By the time I moved from Florida to New York City in the summer of 2004, I had already had the pleasure of working for the Walt Disney Company for a few years. As luck would have it, Disney was about to re-open their flagship store in the city, so I was all but guaranteed a job. Unfortunately, the magic on Fifth Avenue was a bit lacking compared to my years at Walt Disney World.
I knew that Disney was a company that I loved, but my position in retail was quickly wearing on me. So, I made the bold move of emailing Lee Cockerell, who at the time was the Executive Vice President for all of Walt Disney World Operations. I honestly don’t even remember how or why I chose him, but it was the right choice.
Within one day I received a reply, within a week we met for coffee to discuss my future, and within a year I had my dream job with Disney Theatrical Productions.
While I no longer work for the Walt Disney Company, my experience with Lee Cockerell has had a lasting impression and made him someone I trust when it comes to advice on service, whether that be to external clients or internal employees like I was.
In his book, Cockerell outlines “The 39 Essential Rules for Delivering Sensational Service.” And while I wish I could go through all 39 with you, here are a few of my favorites.
Rule #1: Customer Service is Not a Department
Great service does not cost any more than average or poor service. Yes the returns it delivers are spectacular.
Thank about that. Everyone in an organization has some impact on the customer experience, and should behave as such. Your web team is responsible for how long people stay on your site. Your social media team sets the tone for your organization’s brand. Your customer service team, well, that one’s a little more obvious.
Just remember that no matter what level you’re at within a company, what you do matters to the company’s customers, even if you may not be able to see the direct correlation.
Rule #11: Become an Expert at Creating Experts
Don’t blame your supervisor or your company if you do not have the knowledge and skills you ought to have.

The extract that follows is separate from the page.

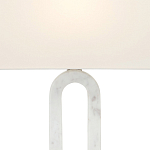 Настольная лампа на арочном корпусе с прямоугольным абажуром One Piece Support варинант исполнения - 1 | Loft Concept в Самаре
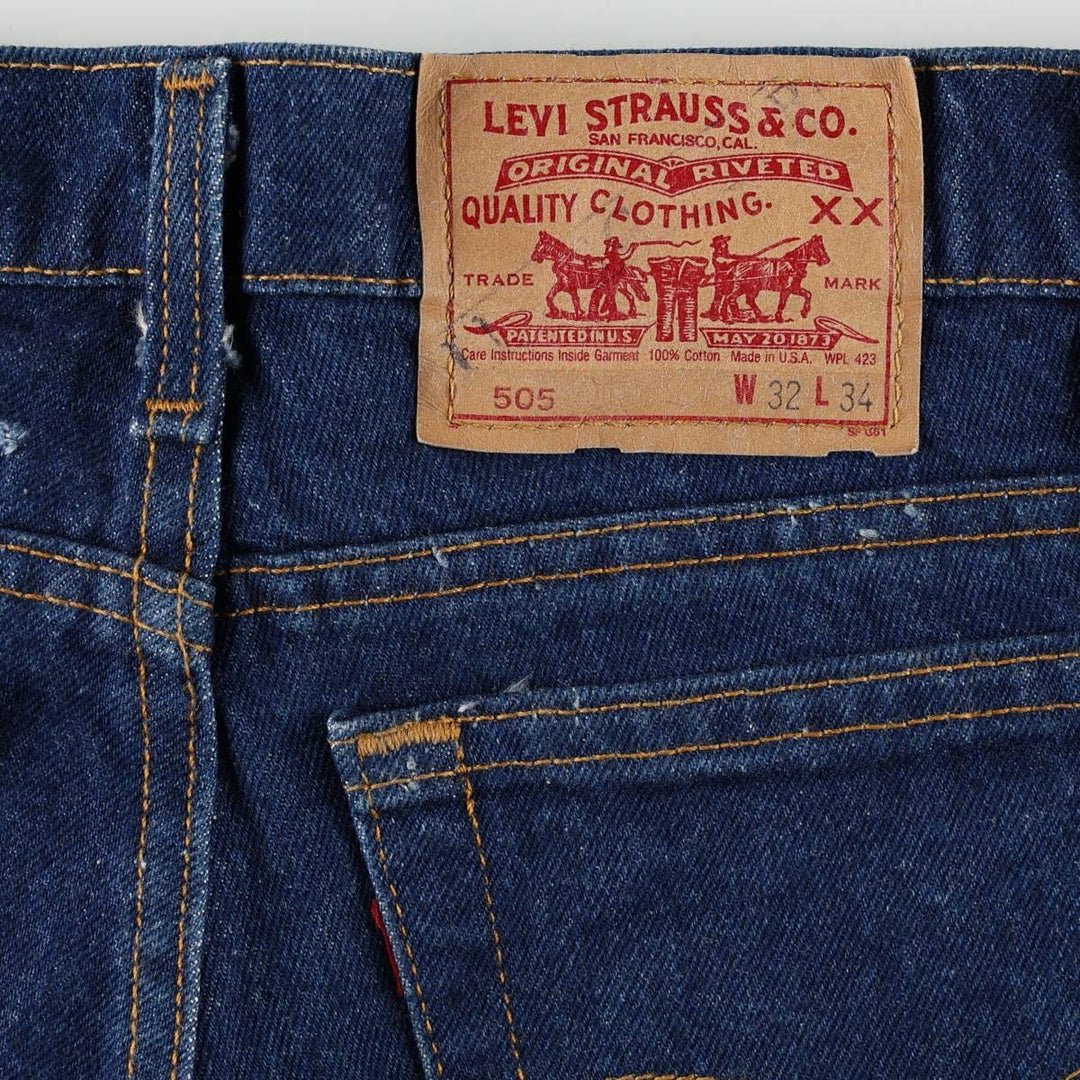 ~1990'S Levi's 505-0217 Tapered Denim Pants, Made in USA, Men's Size W31 (approx.), Vintage cotton blue type Vintage Second Hand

The main point of this rule is to remember to train those below you, but the real takeaway for me is that you have to take responsibility for your own knowledge should those above you not make that their priority.
For me, a big part of that is reading. It may not sound like much to some, but I try to read at least 25 books every year, with most of those being non-fiction. Depending on your industry, there are also many wonderful online classes that you can take for little to no cost. Some of my favorites have been via Lynda.com, Mediabistro, and CreativeLive.
Whatever it is, just never stop learning and improving, and remember to pass that mentality along to the rest of your team.
Rule #33: Never, Ever Argue with a Customer
Even the most obnoxious customers want to give you their business, and their money is worth exactly the same amount as that of the sweet, kind, gracious customers.
I’ll admit it; this was definitely the hardest rule for me. In fact, it was a related scenario that marked the end of my days in customer service. (Long story short, I felt we were being taken advantage of by a customer and refused to bend on the issue.)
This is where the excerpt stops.